_Directions for this task_. Your output should be the lines below from the one holding "Isolated delicious hamburger" through the one holding "Bieco Pluche schommeldier", transcribed exactly, with no pictures.

_Data supplied_.
━━━━━━━━
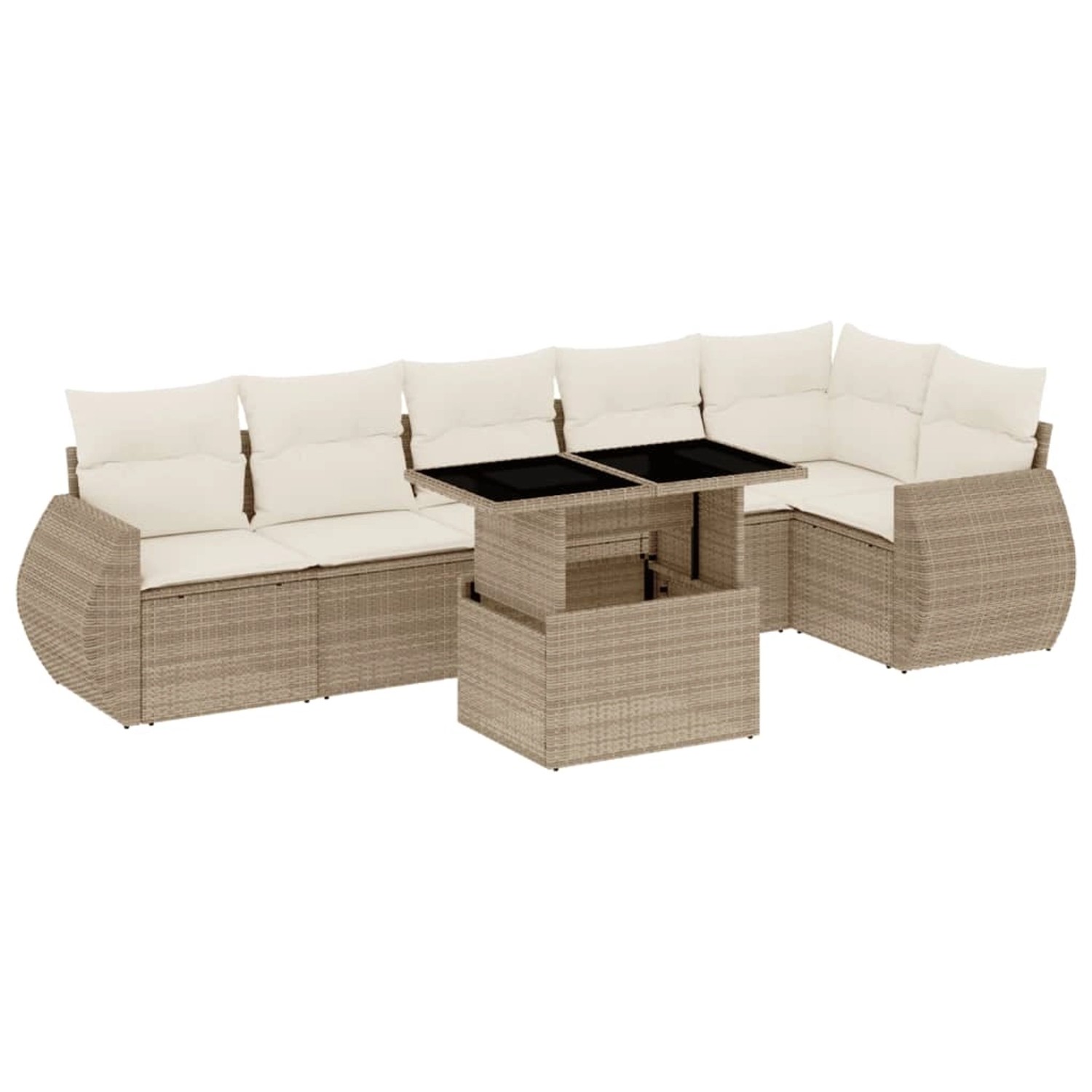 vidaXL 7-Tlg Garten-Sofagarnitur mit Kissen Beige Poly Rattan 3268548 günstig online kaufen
━━━━━━━━
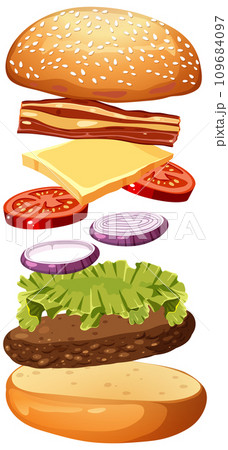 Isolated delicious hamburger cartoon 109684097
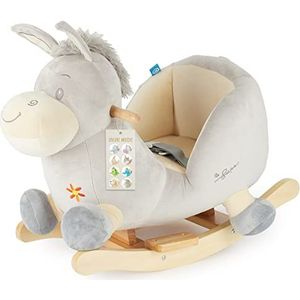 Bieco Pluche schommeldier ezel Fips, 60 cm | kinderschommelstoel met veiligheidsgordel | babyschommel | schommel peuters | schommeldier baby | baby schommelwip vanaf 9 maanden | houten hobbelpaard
━━━━━━━━
_Reply_.
 Isolated delicious hamburger cartoon 109684097
 Bieco Pluche schommeldier ezel Fips, 60 cm | kinderschommelstoel met veiligheidsgordel | babyschommel | schommel peuters | schommeldier baby | baby schommelwip vanaf 9 maanden | houten hobbelpaard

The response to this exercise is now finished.